Existing law is very unfavorable to Trump
It’s tough to exaggerate just how thoroughly current Supreme Court precedents cut against Trump. The Court has repeatedly emphasized that Congress must have a broad power to conduct investigations, because it is not possible for Congress to make informed law-making decisions without such investigations.
As the Supreme Court explained in Eastland v. United States Servicemen’s Fund (1975), “the power to investigate and to do so through compulsory process ... is inherent in the power to make laws.” Without such a power, “a legislative body cannot legislate wisely or effectively in the absence of information respecting the conditions which the legislation is intended to affect or change.”
Eastland is one of many Supreme Court decisions emphasizing that Congress may conduct nearly any investigation, so long as that investigation is “intended to gather information about a subject on which legislation may be had.”
Courts, moreover, are forbidden to dig into the legislature’s reasons for conducting a particular investigation. “So long as Congress acts in pursuance of its constitutional power,” the Court held in Barenblatt v. United States (1959), “the Judiciary lacks authority to intervene on the basis of the motives which spurred the exercise of that power.”

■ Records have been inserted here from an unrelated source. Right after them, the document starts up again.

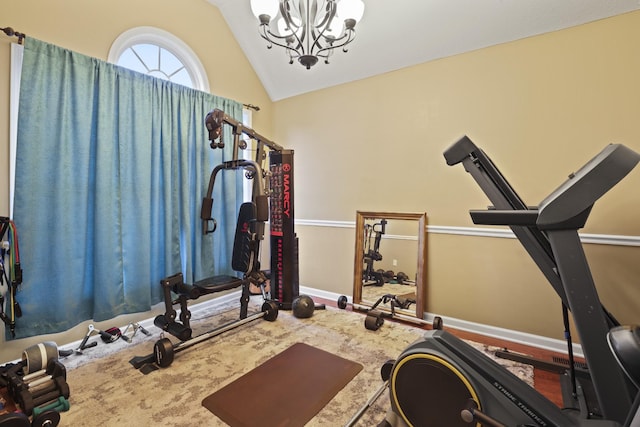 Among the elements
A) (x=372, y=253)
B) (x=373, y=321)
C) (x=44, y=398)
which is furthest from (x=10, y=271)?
(x=372, y=253)

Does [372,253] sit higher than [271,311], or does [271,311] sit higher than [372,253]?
[372,253]

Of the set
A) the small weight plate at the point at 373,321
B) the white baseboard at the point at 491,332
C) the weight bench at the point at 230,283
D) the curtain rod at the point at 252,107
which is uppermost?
the curtain rod at the point at 252,107

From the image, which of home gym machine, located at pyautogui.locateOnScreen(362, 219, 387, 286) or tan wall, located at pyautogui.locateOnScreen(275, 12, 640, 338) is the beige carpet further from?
tan wall, located at pyautogui.locateOnScreen(275, 12, 640, 338)

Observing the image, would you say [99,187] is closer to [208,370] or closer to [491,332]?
[208,370]

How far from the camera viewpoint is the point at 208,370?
223 cm

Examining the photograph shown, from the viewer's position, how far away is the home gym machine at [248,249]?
2486 mm

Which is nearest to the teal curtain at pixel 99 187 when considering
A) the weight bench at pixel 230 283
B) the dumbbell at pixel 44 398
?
the weight bench at pixel 230 283

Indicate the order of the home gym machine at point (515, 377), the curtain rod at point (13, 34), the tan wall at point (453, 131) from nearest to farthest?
1. the home gym machine at point (515, 377)
2. the curtain rod at point (13, 34)
3. the tan wall at point (453, 131)

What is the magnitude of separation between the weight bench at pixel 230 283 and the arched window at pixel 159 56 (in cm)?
161

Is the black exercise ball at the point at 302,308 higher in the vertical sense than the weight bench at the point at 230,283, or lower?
lower

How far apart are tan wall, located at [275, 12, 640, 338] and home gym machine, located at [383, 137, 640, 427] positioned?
1.10 meters

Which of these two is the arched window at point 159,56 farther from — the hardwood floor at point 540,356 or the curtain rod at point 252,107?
the hardwood floor at point 540,356

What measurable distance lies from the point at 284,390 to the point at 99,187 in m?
2.22

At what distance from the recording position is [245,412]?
5.91 ft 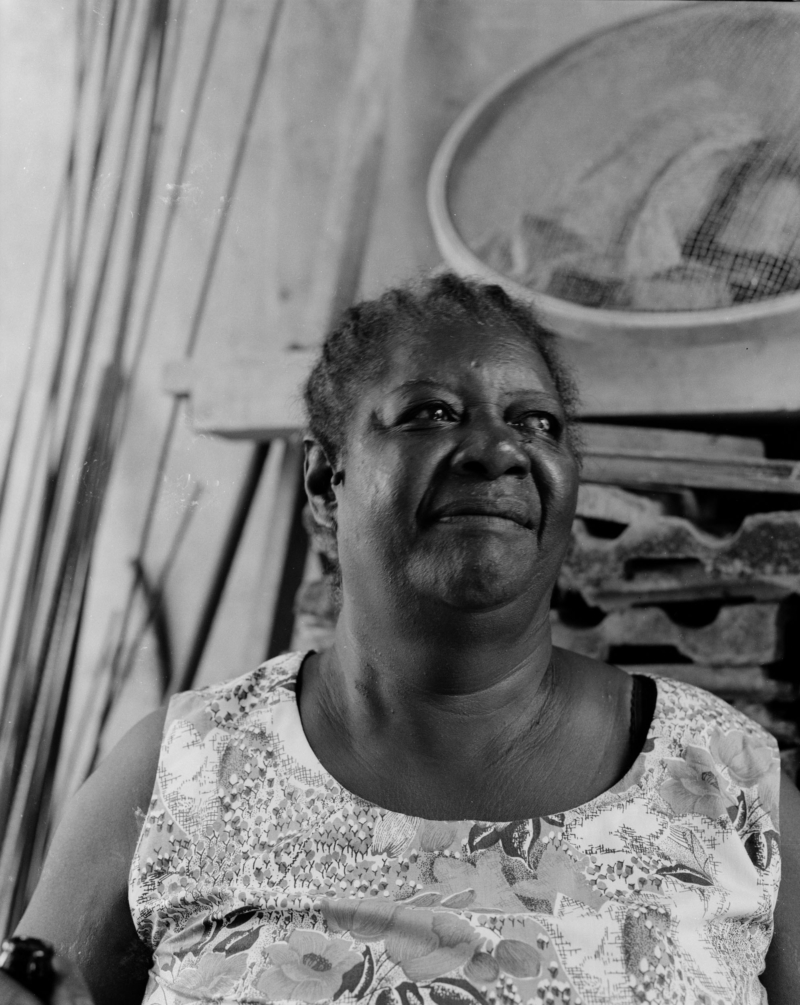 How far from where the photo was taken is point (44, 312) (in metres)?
1.94

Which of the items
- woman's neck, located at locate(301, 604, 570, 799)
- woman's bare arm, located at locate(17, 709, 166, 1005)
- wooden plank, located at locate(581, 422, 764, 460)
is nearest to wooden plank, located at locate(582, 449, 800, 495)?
wooden plank, located at locate(581, 422, 764, 460)

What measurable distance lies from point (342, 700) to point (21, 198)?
44.7 inches

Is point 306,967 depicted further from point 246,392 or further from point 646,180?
point 646,180

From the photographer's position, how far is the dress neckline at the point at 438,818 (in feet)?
4.11

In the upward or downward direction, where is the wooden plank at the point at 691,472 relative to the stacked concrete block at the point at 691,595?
upward

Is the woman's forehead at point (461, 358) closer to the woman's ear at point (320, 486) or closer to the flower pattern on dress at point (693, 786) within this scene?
the woman's ear at point (320, 486)

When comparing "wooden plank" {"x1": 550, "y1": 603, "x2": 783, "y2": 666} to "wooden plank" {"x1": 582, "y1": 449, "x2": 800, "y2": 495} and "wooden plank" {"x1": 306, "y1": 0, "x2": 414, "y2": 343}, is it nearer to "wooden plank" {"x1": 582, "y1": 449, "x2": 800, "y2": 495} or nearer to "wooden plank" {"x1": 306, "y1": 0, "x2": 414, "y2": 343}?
"wooden plank" {"x1": 582, "y1": 449, "x2": 800, "y2": 495}

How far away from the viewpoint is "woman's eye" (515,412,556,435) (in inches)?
53.0

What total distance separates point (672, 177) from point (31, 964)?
1.40 meters

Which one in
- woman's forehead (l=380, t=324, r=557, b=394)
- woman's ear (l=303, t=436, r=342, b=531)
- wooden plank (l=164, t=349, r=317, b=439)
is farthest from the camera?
wooden plank (l=164, t=349, r=317, b=439)

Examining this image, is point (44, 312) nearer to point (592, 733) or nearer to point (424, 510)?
point (424, 510)

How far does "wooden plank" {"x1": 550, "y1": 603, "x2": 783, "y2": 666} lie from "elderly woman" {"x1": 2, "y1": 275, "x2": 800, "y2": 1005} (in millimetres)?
194

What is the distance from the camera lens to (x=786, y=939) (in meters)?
1.25

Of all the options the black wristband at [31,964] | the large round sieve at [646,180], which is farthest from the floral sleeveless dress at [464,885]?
the large round sieve at [646,180]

So that’s what the law says. And under that law, the House wins both Mazars and Deutsche Bank. The first case involves a House Oversight Committee investigation targeting the president’s accounting firm, Mazars USA. It seeks information on whether existing presidential financial disclosure laws are sufficiently robust, or whether they need to be stricter.
Similarly, the Deutsche Bank case involves two parallel House investigations targeting banks that possess some of Trump’s financial records. Among other things, those investigations seek information on whether there are “any links and/or coordination between the Russian government, or related foreign actors, and individuals associated with Donald Trump’s campaign, transition, administration, or business interests, in furtherance of the Russian government’s interests.” These investigations could inform legislation seeking to reduce foreign money laundering and to reduce foreign interference in US elections.
The Court appears to believe that existing law should not apply to the president
Not long after Letter began his argument, Chief Justice Roberts revealed just how sympathetic he is to Trump’s position. Letter’s brief, Roberts noted, states that a congressional investigation must “concern a subject on which legislation can be had.” According to Roberts, this “test is really not much of a test” because it doesn’t impose significant limits on congressional investigations of the president.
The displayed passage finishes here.